Proper or improper Rollover into Inhierited IRA

Mother died 10/2007 with traditional, non-ROTH IRAs at Bank A and Annuity IRA at Bank B.

Bank A created properly titled Inherited IRAs and transferred funds in for two siblings.

(Now 2008)

Bank B would not do the same.

Bank B would not accept the paperwork for trustee-to-trustee transfer to Bank A Inherited IRA account. (Paperwork did appear to be lacking necessary detail)

CPA #1 (Mother’s estate and one sibling’s) says it’s ok to take lump sum distribution checks from Bank B, written out to siblings, and transfer them (directly, signing the back of the check to Bank M) to the inherited IRA. Bank A agrees and accepts the money, co-mingling it with existing Inherited IRA funds. Another Bank C does exactly same thing for other sibling, not co-mingling, but establishing new, properly titled Inherited IRA. Financial Advisor is go between sibiling and Bank C and agrees with transaction, but mainly because the others did.

(Siblings take out MRDs as required from by Mid 2008)

Now 2009 … Bank B sends out 1099’s to both siblings with 1 Gross Distribution and 2a Taxable amount being the same (53,000) and the checkbox 2b “Tax amount not determined” NOT checked.

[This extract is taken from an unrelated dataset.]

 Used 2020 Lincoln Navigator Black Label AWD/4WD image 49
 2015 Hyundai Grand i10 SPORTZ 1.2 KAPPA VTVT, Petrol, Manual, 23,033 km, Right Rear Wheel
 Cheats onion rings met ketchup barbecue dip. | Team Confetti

CPA #2 (other sibling’s) has serious concerns with this. Says we must pay income tax on the 53K or be subject to Excise tax penalty, must pull the money out of the Inherited IRAs … which means the banks A and C would have to admit to mistake, NOT call that a taxable event AGAIN, either converting to regular investor account, or???

CPA #3 (not working for or related with any of the above) says the intent of the law, not allowing a 60 day rollover like this and requiring trustee-to-trustee, is to prevent people from putting inherited IRA money into their OWN IRAs, and avoiding MRDs. And since we put them into Inherited IRAs in name of “Mother, FBO of Beneficiary”, and took MRDs, the transfer will be allowed. Agrees with CPA #1. Do not report the income, expect IRS communication, and explain situation then. But also points out that Bank A, C, and CPA #1 have Fiduciary responsibility and that siblings are not to blame.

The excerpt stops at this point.